June 14, 2011— -- It reads more like a soap opera than a comic book, with its down-and-dirty details involving two of the most powerful political figures of our time: Hillary Clinton and Barack Obama.
A new 32-page comic book entitled "Political Power: Hillary Rodham Clinton" details the behind-the-scenes machinations of Clinton's contentious 2008 presidential run against then-Sen. Obama, up through his nomination of her as secretary of state. It's a follow-up sequel to the Bluewater Production's first comic book of Clinton, which focused on her early life.
"We delve into how her decision not to run in 2004 helped make Barack Obama a star, how she took him under her wing and how their battle was more personal than many realize; and how close she came to saying 'no' to the position of secretary of state and what changed her mind," writer Jerome Maida said. "It's a fascinating story."
The unauthorized, full-color comic book, released last week, describes how in 2003, then-New York Sen. Clinton sat on a tarmac in a private plane, waiting impatiently for a thunderstorm to pass before taking off for Chicago, where she hoped to attend a fundraiser for Illinois state senator and Senate-hopeful Obama. After eventually making it to Chicago, she was blown away by the young politician, according to the book.

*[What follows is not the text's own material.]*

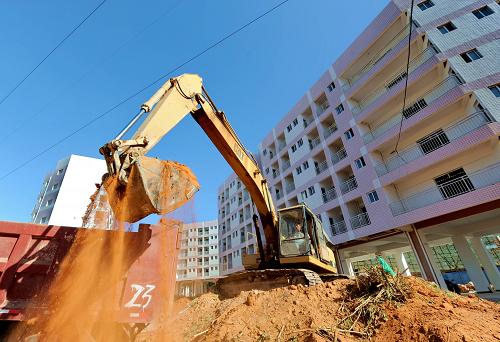 9月29日,一架挖掘机在福建省晋江市深沪镇外来职工廉租住房小区二期工程工地施工。新华社记者 张国俊 摄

"He's young, brainy, African-American and a terrific speaker," the book shows Clinton telling an aide. "Just the kind of candidate that we need more of, that Bill and I have spent our lives promoting. There's a superstar in Chicago."
It would be a moment that would perhaps come back to haunt Clinton. Maida portrays the two as good friends, with Obama coming to seek Clinton's counsel often after he joined her in the Senate.

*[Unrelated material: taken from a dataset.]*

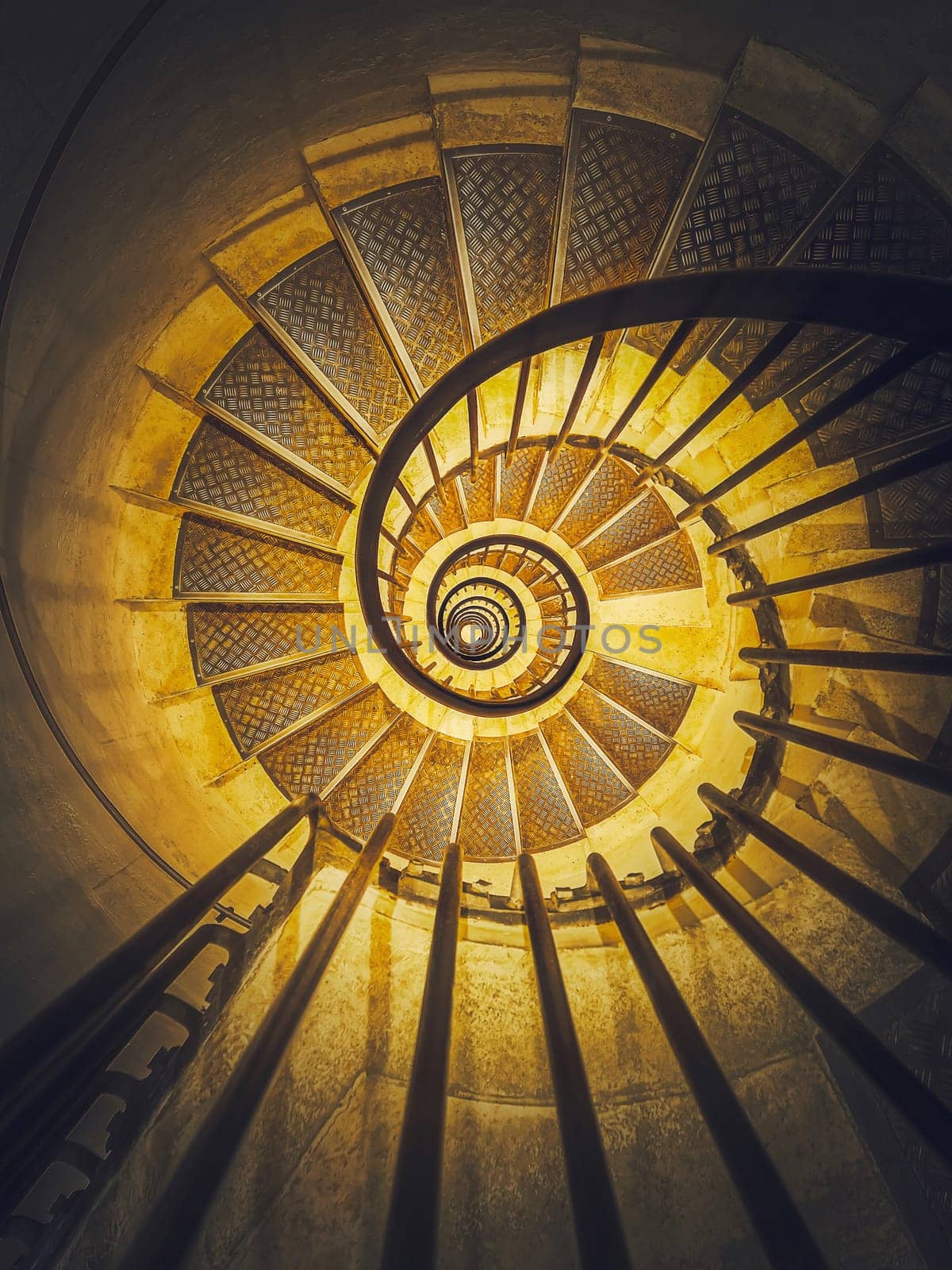 Spiral staircase abstract perspective with view downstairs to infinity swirl stairs in glowing yellow light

"At one point," Maida writes, "Obama gave her a gift: a photograph of him, Michelle, and their two young daughters, Sasha and Malia. From then until she left the Senate in 2009 ... even during their rivalry amid the contentious 2008 campaign ... Hillary displayed it prominently in her office."
Maida said not all of Clinton's quotes in the book are hers. About half of them, he said, are from YouTube, books, and other people's accounts.

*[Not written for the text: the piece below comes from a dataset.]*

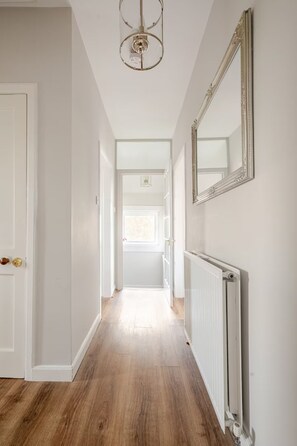 A hallway with a radiator, a door, and a mirror on the wall. - Central St Andrews Apartment | The Open 2027 | Walk to Old Course (St Andrews)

"'Game Change' [a book about the 2008 U.S. presidential election] was an invaluable resource and actually helped me change my focus from what she's achieved as secretary of state, which is kind of incomplete and mixed at best, and focus on how she wound up getting the position in the first place, and also accentuate that for anyone else secretary of state would likely be the apex of their political career," Maida told ABC News.
"Hillary's is such a fascinating life; for her it's a consolation prize, a disappointment. I tried to examine how that came to be."
Bill Clinton also features prominently in the book. In one frame, artist Daniel Fitz draws the former president surrounded by three scantily clad women on business partner Ron Burkle's "custom-converted Boeing 757", or, as the book says young aides referred to it, "Air Fe%k One."
Maida said he wasn't necessarily attacking the 42nd president.
"That's just the way it came across," he said. "There were about three pages I was going to use to show how Bill Clinton felt he was unfairly characterized, especially in South Carolina. But those had to be cut. in the end, the book's about Hillary, and the fact that as much as her husband is an asset and she loves him, he can also be a liability for her."
Maida said he has heard from Hillary Clinton's press secretary, who requested a copy.
Clinton's office has not responded to a request for comment.
Meanwhile, perhaps there's a trilogy in the works.
"If sales are good on this one, which seems likely, I would love to actually delve into some of her decisions as secretary of state," Maida said.
As for whether he would like to see her run for the presidency in 2016, he said, "No comment."